Top of Material provided

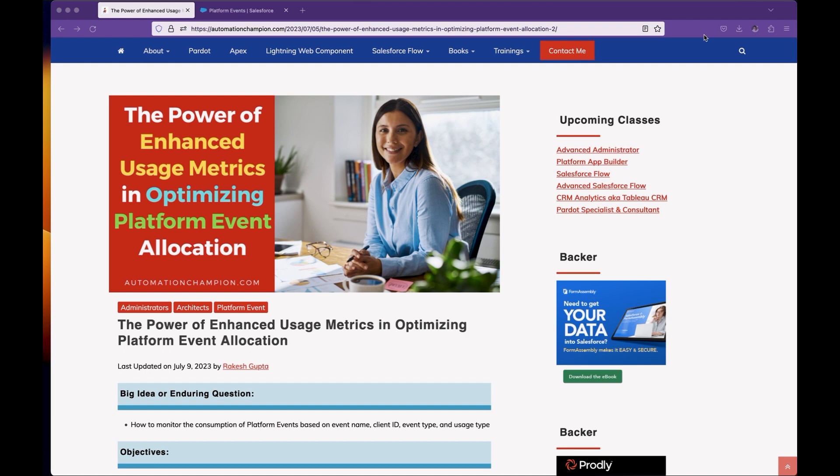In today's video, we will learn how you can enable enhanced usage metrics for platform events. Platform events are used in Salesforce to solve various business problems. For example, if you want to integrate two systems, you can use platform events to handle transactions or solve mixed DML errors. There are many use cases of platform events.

Bottom of Material provided
Top of Material provided

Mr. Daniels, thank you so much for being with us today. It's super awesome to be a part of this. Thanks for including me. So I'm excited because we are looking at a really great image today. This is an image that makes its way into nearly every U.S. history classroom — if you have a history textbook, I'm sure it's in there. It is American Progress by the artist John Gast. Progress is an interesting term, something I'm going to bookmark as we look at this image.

Bottom of Material provided
Top of Material provided

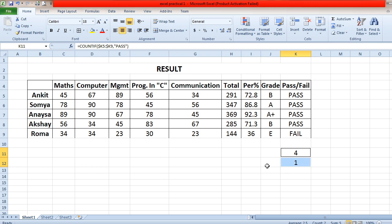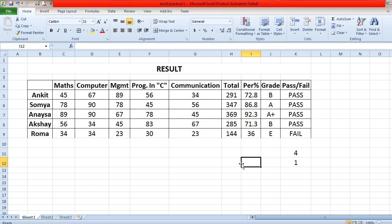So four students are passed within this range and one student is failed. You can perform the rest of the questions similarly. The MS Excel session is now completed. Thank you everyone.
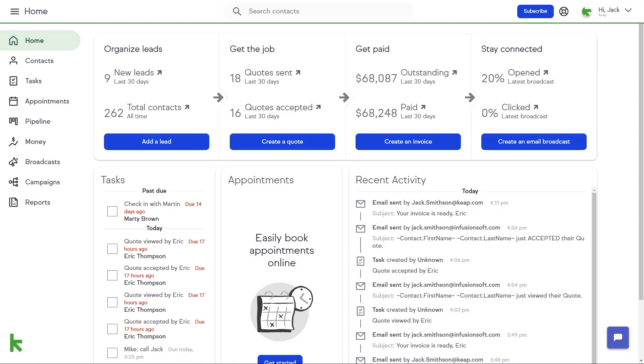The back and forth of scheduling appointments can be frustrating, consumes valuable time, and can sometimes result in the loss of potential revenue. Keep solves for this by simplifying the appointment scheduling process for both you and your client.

Bottom of Material provided

## [Assigned task]
Repeat exactly the lines above, beginning at the one containing "So four students" and ending at the one containing "The back and". Do not carry over any pictures.

## [Finished task]
So four students are passed within this range and one student is failed. You can perform the rest of the questions similarly. The MS Excel session is now completed. Thank you everyone.
The back and forth of scheduling appointments can be frustrating, consumes valuable time, and can sometimes result in the loss of potential revenue. Keep solves for this by simplifying the appointment scheduling process for both you and your client.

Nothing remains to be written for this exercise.